I really loved this book, which takes Daisy through her teen years, first kisses and first boyfriends, trying to find herself while her family has broken down, and the ebb and flow of friendship. Adolescence is a terrain that many authors have mined before, but Taylor’s approach is fresh and interesting, and all her characters are delivered complexity where lesser authors might have served up tropes (ie the depressed divorced middle aged woman; the deadbeat boyfriend). It doesn’t have quite the same level of absurdity, but Taylor’s narrative recalled Sue Townsend’s Adrian Mole Diaries for me, and also Brian Francis’s debut novel Fruit, both books light on the surface but rich with subtext, which Even Weirder Than Before is exactly.

It’s a queer coming-of-age novel, but its politics is a trick up its sleeve, the very best move saved until the novel’s final sentence. But in the pages before it, we see Daisy learning about her own power as a woman and lack of it, how her mother is messed by the patriarchy, and how the characters in the book, male and female both, respond to the shootings at Montreal’s Ecole Polytechnique, a tragedy that doesn’t appear to touch Daisy’s world directly, and she’ll be older before she really understands. With a subtle hand, Taylor has written a political book that’s also at home in its bright and appealing pink cover—and it’s absolutely a joy to behold.

July 23, 2019

My Favourite Podcasts

Honestly, it seems a bit perfect that a week after the New York Times publishes their “Have We Hit Peak Podcast?” article, I’d write a post about my favourite pods. After all, I’m publishing my post on a blog (from the article, “Like the blogs of yore, podcasts — with their combination of sleek high tech and cozy, retro low — are today’s de rigueur medium, seemingly adopted by every entrepreneur, freelancer, self-proclaimed marketing guru and even corporation”), a form that’s been pronounced dead so often on a regular basis for at least a decade that I kind of feel like an internet zombie as I type this.

Being timely is not my forte. Last week I joined the Patreon of one of my very favourite podcasts…just as the last episode of the season wrapped and they all went on hiatus. So maybe if Kerry Clare is rounding up a list of her favourite podcasts, we’ve hit peak podcast definitively.
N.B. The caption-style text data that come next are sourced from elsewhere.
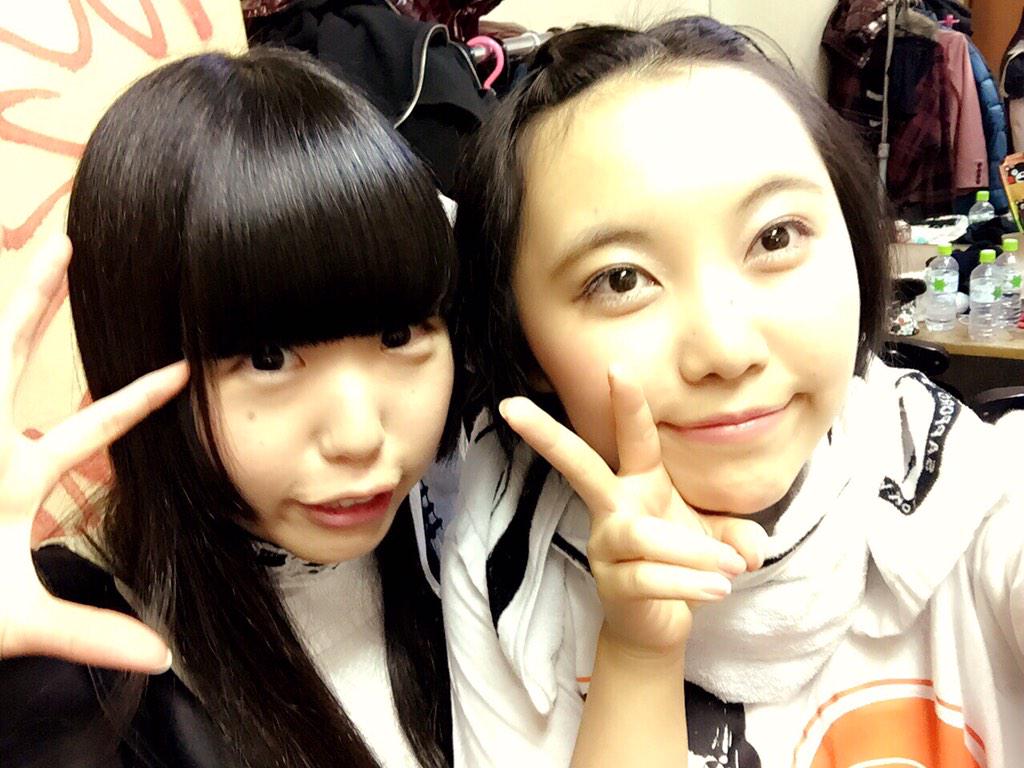 yuuyu0331's tweet photo. この前の写真！じゅじゅのねうさんとしらいさんと💓
やっぱ可愛いー(*´꒳`*)じゅじゅさんとは、よくライブで一緒になってお話ししたり出来たから寂しいな！！😭2人ともありがとうございました( ᵘ ᵕ ᵘ ⁎) http://t.co/Q0dOvmHZAd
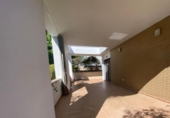 Chalet independiente con terreno en venta en la España, Encinarejo de Córdoba, ref: TR413963 foto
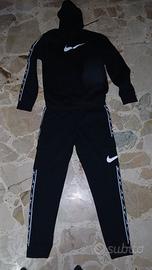 tuta nike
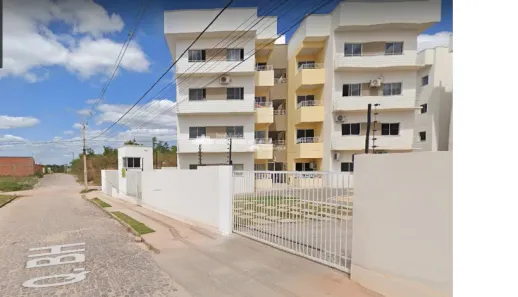 Apartamento com 2 Quartos à venda, 44m² no Santo Antônio, Teresina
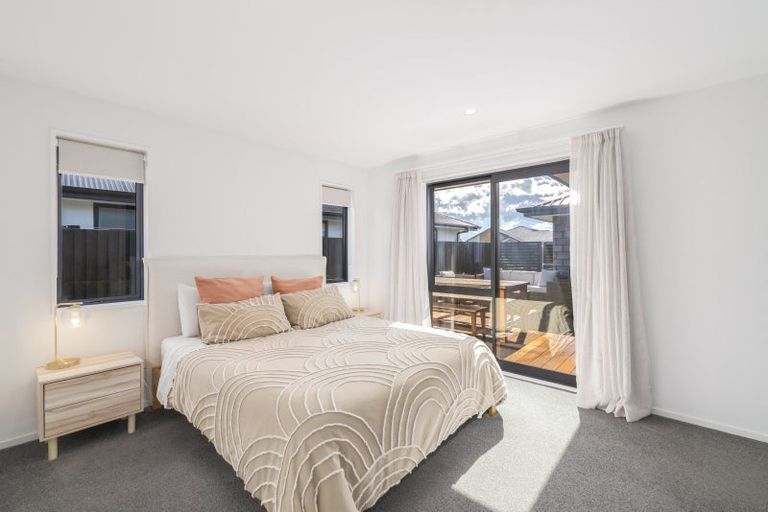 Photo of property in 50 Katrine Drive, Burwood, Christchurch, 8083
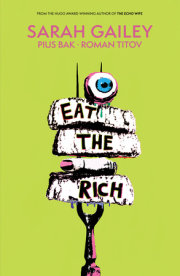 Eat the Rich 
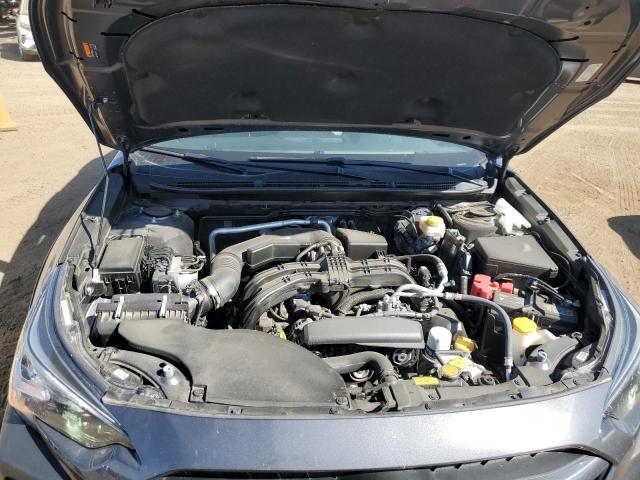 Photo 10 VIN: 4S4BTANC5P3124178 - SUBARU OUTBACK 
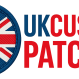 Uk Custom Patches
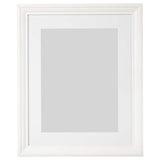 EDSBRUK frame, white, 40x50 cm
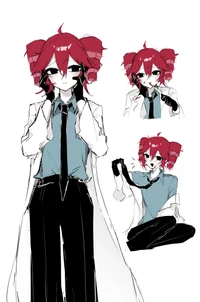 Doctor Kidori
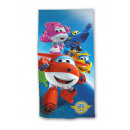  Super Wings Beach towels for children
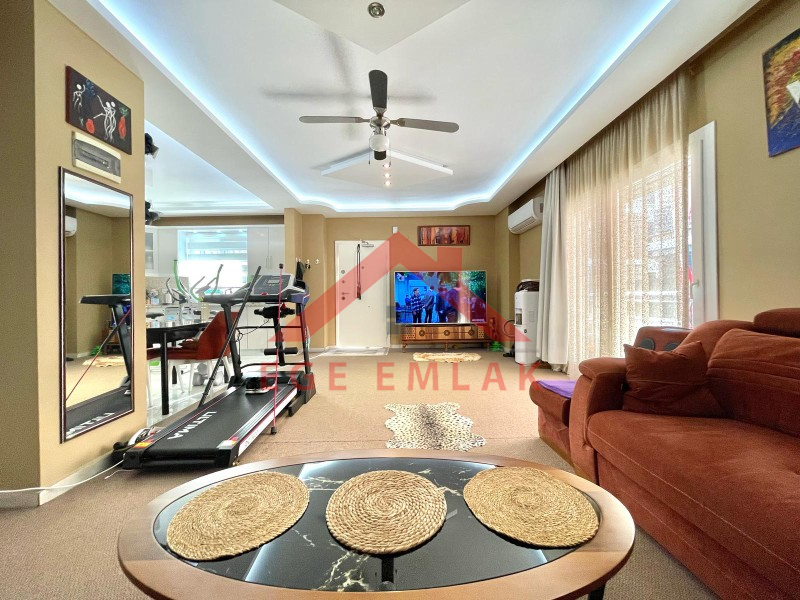 Didim'de Satılık Villa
But on the off chance I’m not the only one who’s late to the party, I wanted to share links to the ones that I’ve been loving.

Even better, most are on a summer hiatus, so here’s your chance to get caught up!

The Mom Rage Podcast

I was referred to the Mom Rage Podcast by my pal Lindsay Zeir-Vogel (notably: a frequent caller to their Labia Hotline) and knew nothing about the podcast before I listened—I think it was the episode where they interviewed a mother who had an abortion. It was good BUT I will admit that I’d underestimated what the podcast was all about. Two blonde white ladies who live in California, I was thinking, shallow and light. But then: NO! I started listening more and realized the hosts (blonde hair notwithstanding) were both writers (Edan Lepucki and Amelia Morris), that they interrogate issue like race, sexuality, public schools and climate change, they’re both absolutely charming, funny and real, and suddenly I wanted to be their best friends. Notably, I’ve been reading books recommended on their podcast all spring—it’s all so good and interesting.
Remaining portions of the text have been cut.